Task objective →
Pictures should be omitted; restate word for word the lines from the one holding "L'Odyssée des vins grecs" through the last line of the entries below.

Source records →
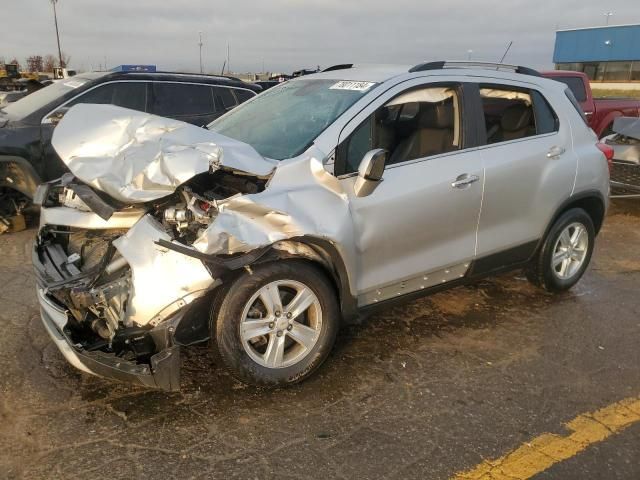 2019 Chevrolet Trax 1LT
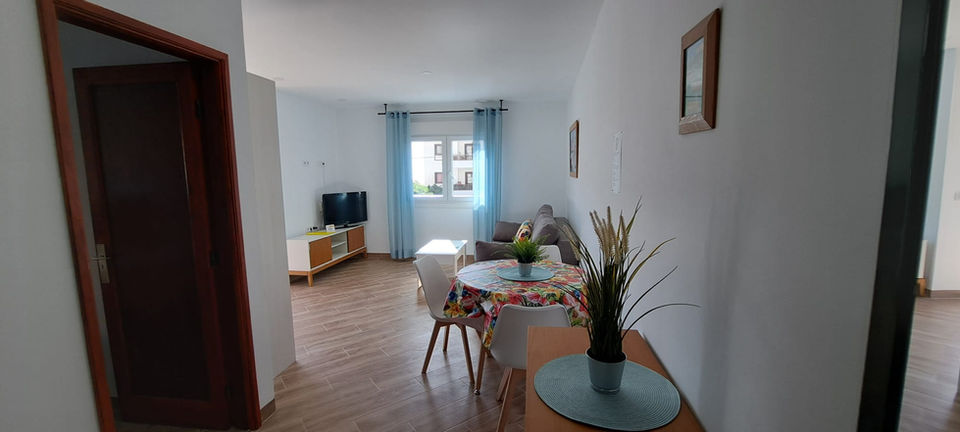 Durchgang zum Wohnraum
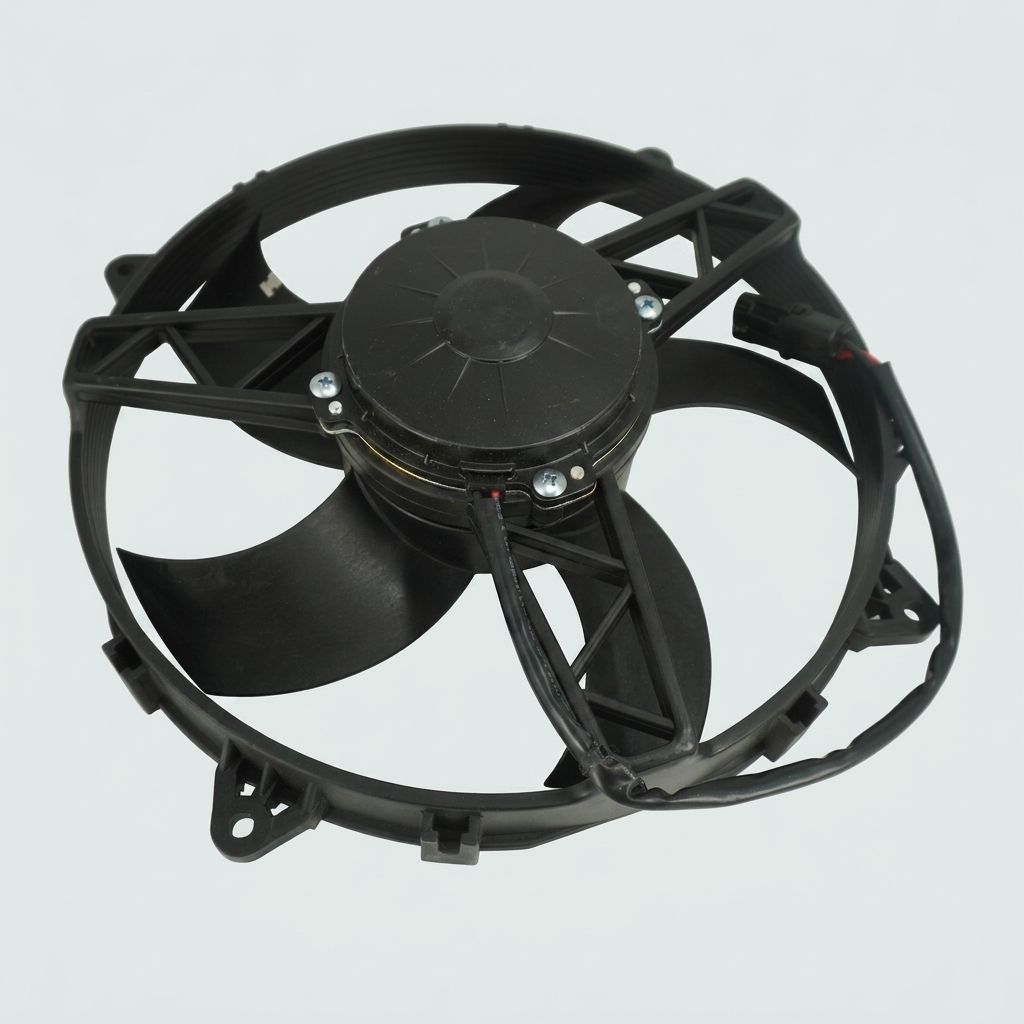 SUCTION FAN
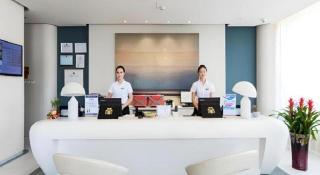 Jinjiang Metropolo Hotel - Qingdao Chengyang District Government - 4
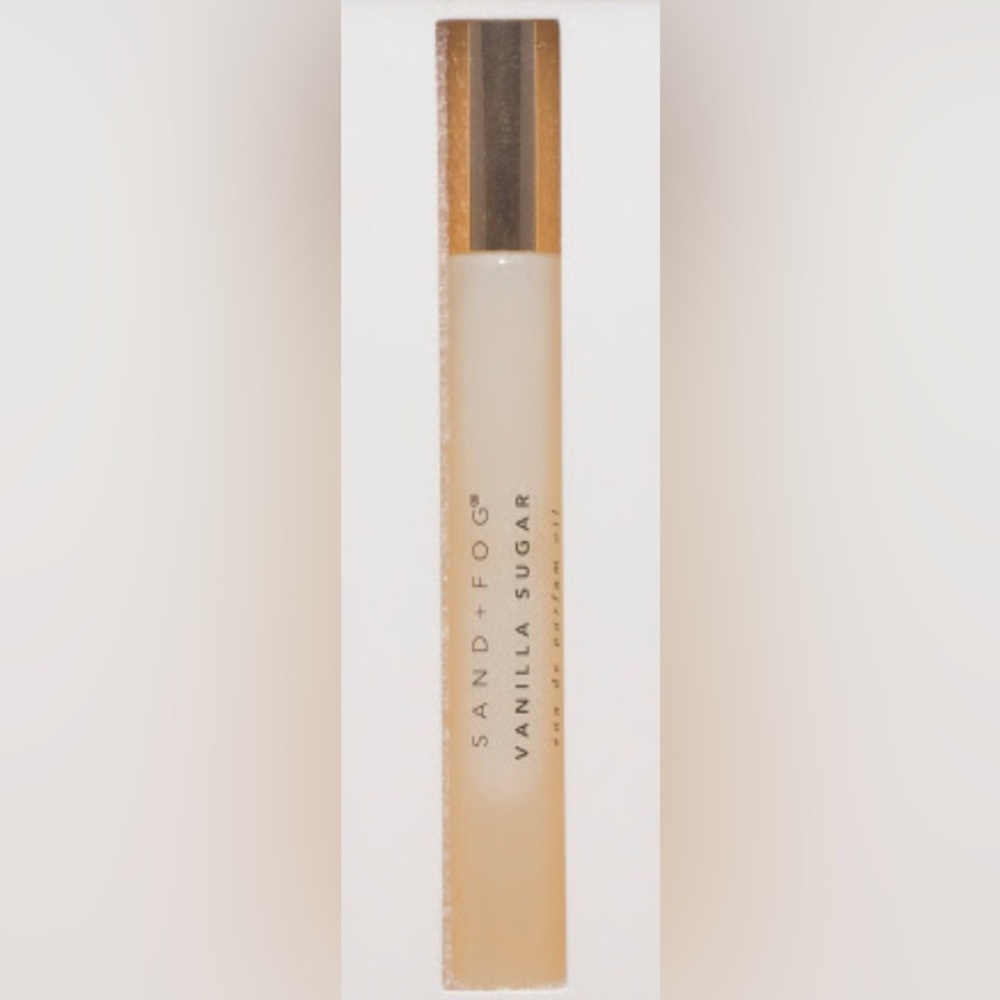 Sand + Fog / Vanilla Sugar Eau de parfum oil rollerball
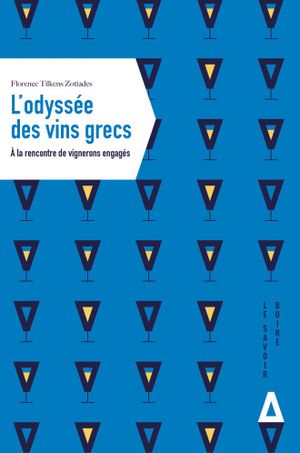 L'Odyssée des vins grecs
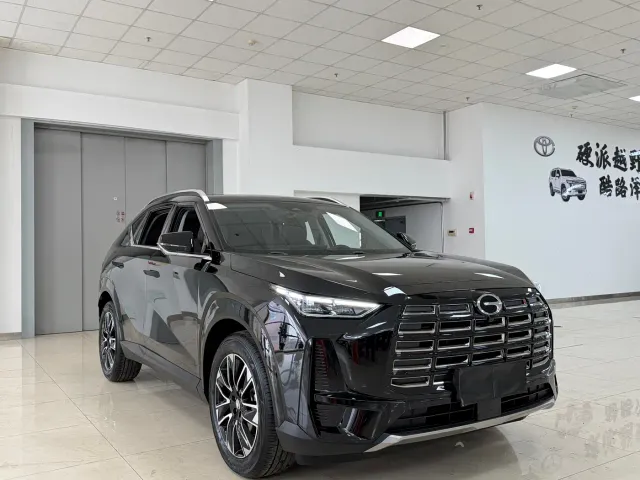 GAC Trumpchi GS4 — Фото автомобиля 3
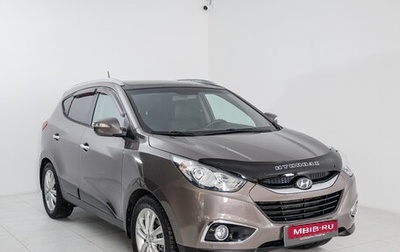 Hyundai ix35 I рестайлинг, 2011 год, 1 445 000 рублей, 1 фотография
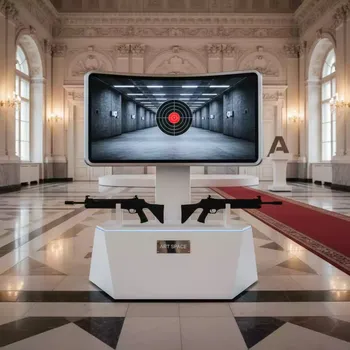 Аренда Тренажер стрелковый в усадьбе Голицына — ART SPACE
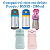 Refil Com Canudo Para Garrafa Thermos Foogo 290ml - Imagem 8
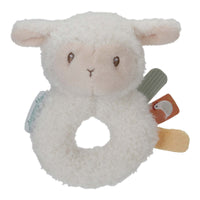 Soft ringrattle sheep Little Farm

Written solution →
 L'Odyssée des vins grecs
 GAC Trumpchi GS4 — Фото автомобиля 3
 Hyundai ix35 I рестайлинг, 2011 год, 1 445 000 рублей, 1 фотография
 Аренда Тренажер стрелковый в усадьбе Голицына — ART SPACE
 Refil Com Canudo Para Garrafa Thermos Foogo 290ml - Imagem 8
 Soft ringrattle sheep Little Farm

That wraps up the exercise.